Alzheimer’s disease brain-derived tau extracts show differential processing and transcriptional effects in human astrocytes
Matthew J. Reid, Melissa Leija Salazar, Claire Troakes, Steven Lynham, Deepak P. Srivastava, Beatriz Gomez Perez-Nievas, Wendy Noble

TL;DR
This study shows how human astrocytes handle tau aggregates from Alzheimer's brains and how this affects gene activity.
Contribution
The study reveals how astrocytes process and respond to different tau aggregates from Alzheimer’s disease brains.
Findings
Human astrocytes can internalize tau aggregates from Alzheimer’s brain extracts.
Tau handling by astrocytes correlates with molecular properties of the aggregates and affects gene expression.
Astrocyte responses include both clearance of tau and seeding of further aggregation.
Abstract
Post-translational modifications of tau, including phosphorylation at specific residues, are closely linked with tau seeding ability and clinical disease progression.
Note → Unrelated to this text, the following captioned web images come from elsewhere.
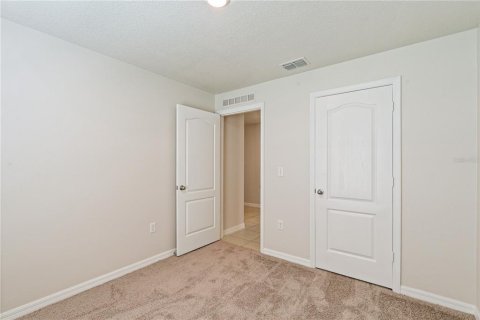 Villa ou maison à vendre à Mascotte, Floride: 5 chambres, 180.6 m2 № 2396674 - photo 27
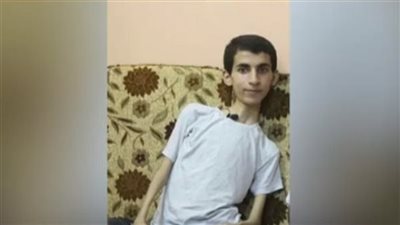 مناشدة للرئيس من أول معيد في الجامعات مصاب بالضمور العضلي (فيديو)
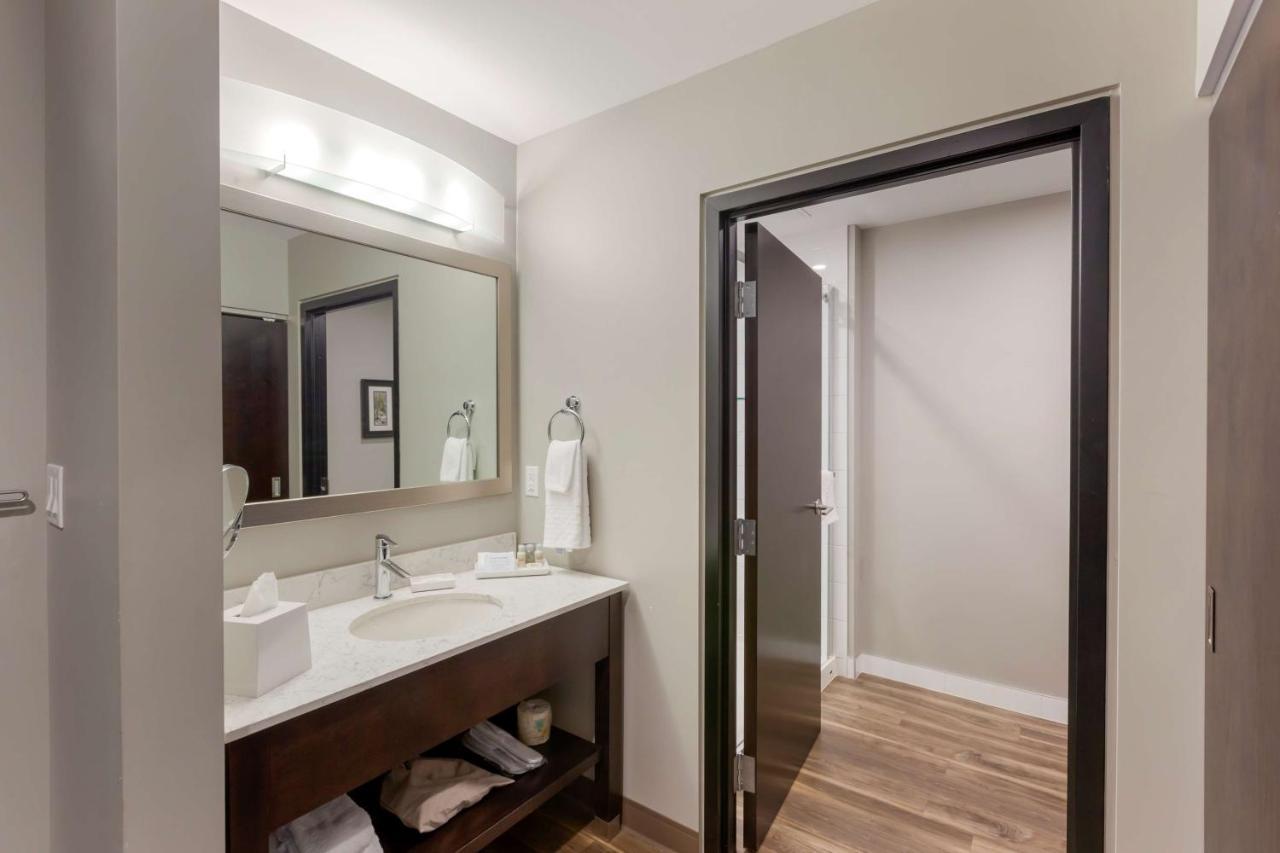 Best Western Premier Northwood Hotel Тіммінс Екстер'єр фото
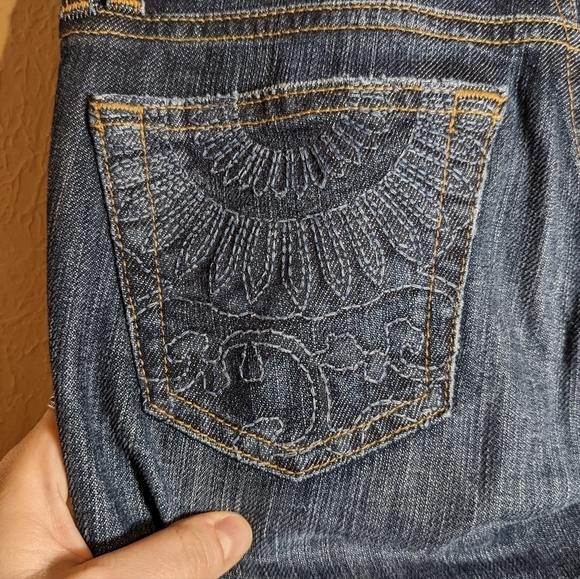 AG Athena denim mid rise cropped jeans - Picture 5 of 11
While most previous evidence has focused on neuronal tau spread, evidence supports a similar role for astrocytes. Here, we demonstrate that well characterized tau aggregates isolated from postmortem Alzheimer’s disease brain are internalized and processed by control human–induced pluripotent stem cell-derived astrocytes. Differences in the efficiency of tau internalization, clearance and/or seeding were noted, which reflect molecular properties of tau and/or co-factors in brain extracts. We observed a direct relationship between tau handling by astrocytes and astrocyte transcriptomic changes. Dysregulated genes include several previously identified as upregulated in reactive astrocytes in Alzheimer’s brain, as well as…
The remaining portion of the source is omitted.